NSF has a major investment in the
ever-increasing computational and database needs that provide infrastructure
not only for microbial genomics but for many areas of life science. Examples
include projects dealing with genomic mapping data, the Ribosome Database
Project (RDP), a microbial biodegradation database, and the Protein Data Bank
(PDB). All seek to accommodate the rapid growth in storable information, allow
complex querying, and facilitate access to data as well as linkage to and
integration with other databases. The latter program is funded jointly with NIH
and DOE. The current NSF investment in this area is about $4.5M.

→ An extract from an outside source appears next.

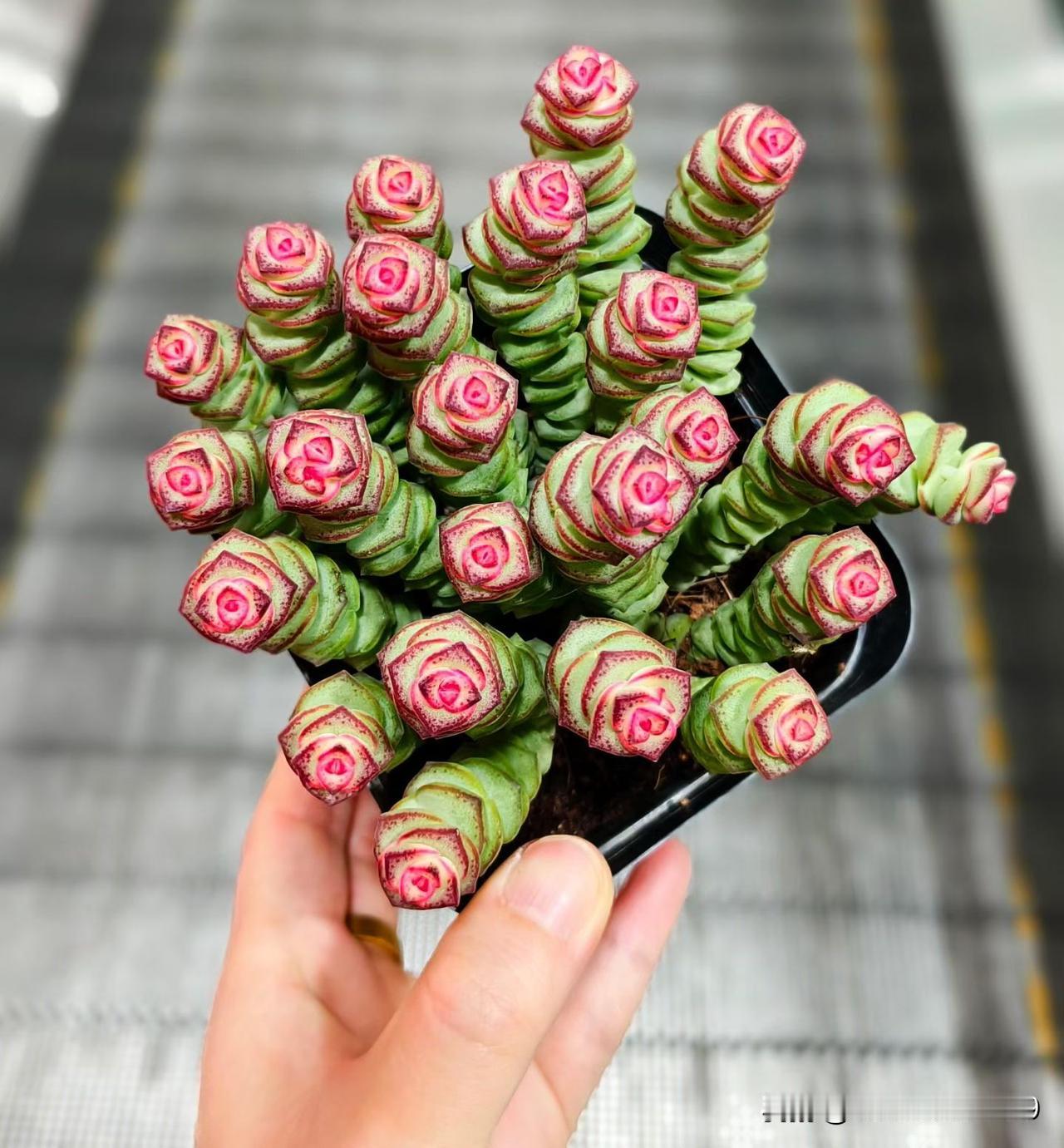 每日一图随手拍这个钱串子养的太好了，越看越喜欢，原来不是这个颜色的，养养着美翻天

NSF has a strong interest in and
commitment to education and has funded approximately $4.7M in the area of
genomics curriculum development, with about $3.3M in current funding, including
an interdisciplinary program for graduate training in bioinformatics and the
Genome Radio Program. Again, these apply not only to microbial genomics but to
genomics more broadly.
NSF funds two large centers in the
area of microbiology, including the Biotechnology Center at the University of
Washington that is sequencing the Halobacterium genome and the Center
for Microbial Ecology at Michigan State University. The NSF investment in these
centers since fiscal year 1992 is $38M. Novel strategies for increasing
microbial isolation capabilities are supported by a recent NSF award through
the Major Research Instrumentation program. Researchers at the Advanced Microbe
Isolation Laboratory at Oregon State University will develop automated
approaches for culturing and identifying novel microorganisms from natural
ecosystems.
C. Future investments and
collaborations in microbial genomics. Microbial genomics is an important
component of NSF's future plans. Linking the genome sequence to function
of microbes in natural ecosystems is an emerging theme. Currently, programs
such as Microbial Genetics, LExEn, Biocomplexity, and others will be
responsible for these proposals. A new microbiology postdoctoral program whose
goal is to develop a cohort of scientists trained in non-model microbial
systems and microbial systematics will be announced for FY2000. NSF also has a
post doctoral fellowship program in Biological Informatics to address the need
for scientists trained in computational biology and bioinformatics.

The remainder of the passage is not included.